The abstract of the patent application describes a method where a computer processor can replace visual words of an unsupervised machine learning classification model with visual objects of an image. The model can be augmented to represent the image as a mixture of subjects, with each subject represented by placements of visual objects in a three-dimensional space. The processor learns latent relationships between the placements of visual objects and image semantics to classify image subjects.

  • The patent describes a method where a computer processor replaces visual words with visual objects in an unsupervised machine learning classification model.
  • Co-occurring single visual objects in an image can be combined to form compound visual objects.
  • The model represents the image as a mixture of subjects, with each subject represented by placements of visual objects in a three-dimensional space.
  • The processor learns latent relationships between visual object placements and image semantics to classify image subjects.
      1. Potential Applications

This technology can be applied in image recognition systems, content-based image retrieval, and automated image tagging.

      1. Problems Solved

This technology solves the problem of accurately classifying image subjects without the need for manual labeling or supervision.

      1. Benefits

The benefits of this technology include improved accuracy in image subject classification, automation of image analysis tasks, and scalability in handling large volumes of image data.

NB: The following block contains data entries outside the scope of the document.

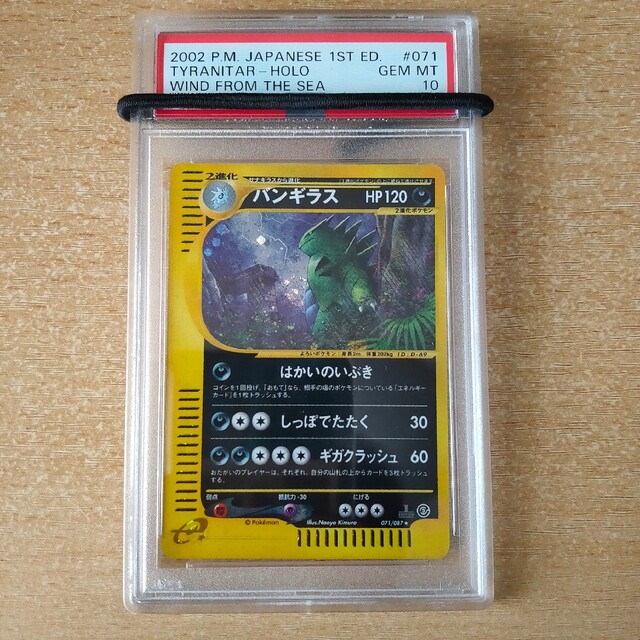 2022新入荷 071/087 【PSA10】バンギラス - ポケモン tyranitar e3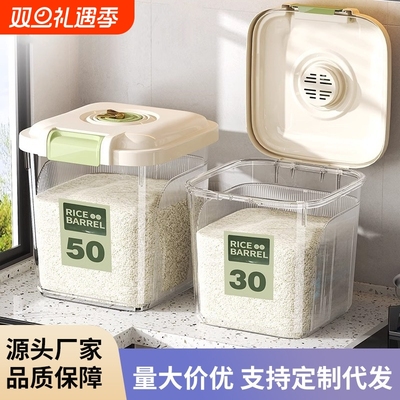 【1000+人购买】桌面存储家用罐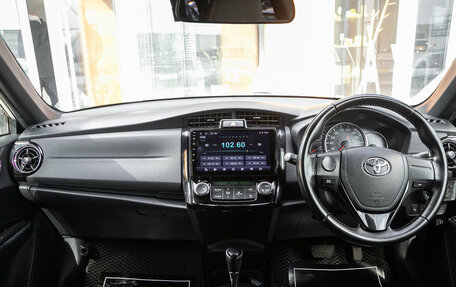 Toyota Corolla, 2016 год, 1 398 000 рублей, 15 фотография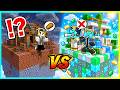 貧乏チャンク vs お金持ちチャンクに生まれた子供のマイクラ対決【まいくら / マインクラフト】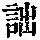 《康熙字典》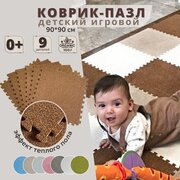 Коврик детский , развивающий, для ползания, складной, пазл коричневый, коврик напольный, коврик игровой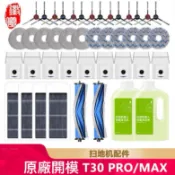 【適用科沃斯】T30 PRO 掃地機器人 掃拖機器人  主刷 邊刷 塵袋 濾網 集塵袋 拖布 條紋拖布 耗材 配件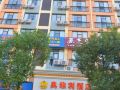 aoweili-hotel-guilin-jinshan-plaza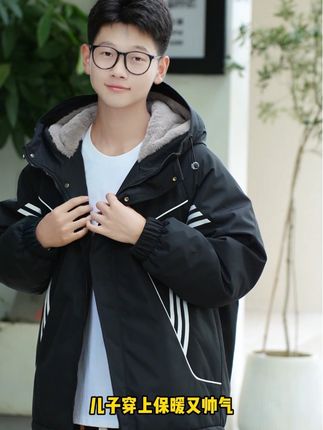 青少年男士加绒百搭连帽外套,儿子穿上帅气又保暖#夹克外套 #加绒加厚外套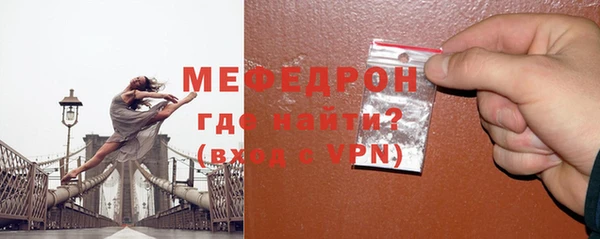 молекула духа Бронницы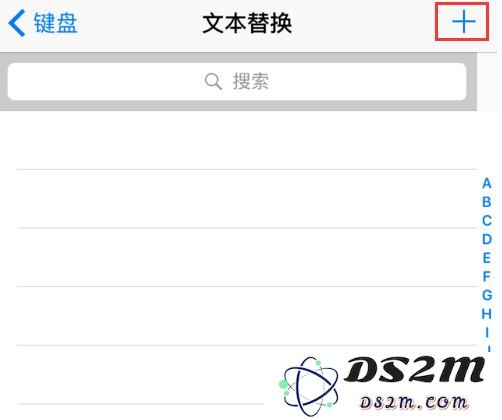 如何在 iPhone 上打出苹果 Logo?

      1. Potential Commercial Applications

Potential commercial applications of this technology include image search engines, social media platforms for automated tagging, and surveillance systems for object recognition.

      1. Possible Prior Art

Prior art in this field may include research on unsupervised machine learning models for image classification and object recognition systems.

        1. Unanswered Questions
        2. How does this technology handle complex images with multiple subjects and objects?

This technology can handle complex images by learning the relationships between visual objects and image semantics to classify multiple subjects accurately.

        1. Can this technology be applied to real-time image processing applications?

Yes, this technology can be applied to real-time image processing applications by optimizing the learning process and model inference for faster classification.


Original Abstract Submitted

at least one computer processor can replace visual words of an unsupervised machine learning classification model with visual objects of an image. at least two co-occurring single visual objects adjacent to each other in pixels of the image can be combined to obtain a compound visual object. the unsupervised machine learning classification model can be augmented to model the image as a mixture of subjects, where each subject is represented through placements of the visual objects in a mixture of concentric spheres centering on a mixture of intersections on a mixture of horizontal layers. at least one processor can learn latent relationships between the placements of the visual objects in a three-dimensional space depicted in the image and image semantics. learning the latent relationships trains the unsupervised machine learning classification model to perform image subject classification through the placements of the visual objects in a new image.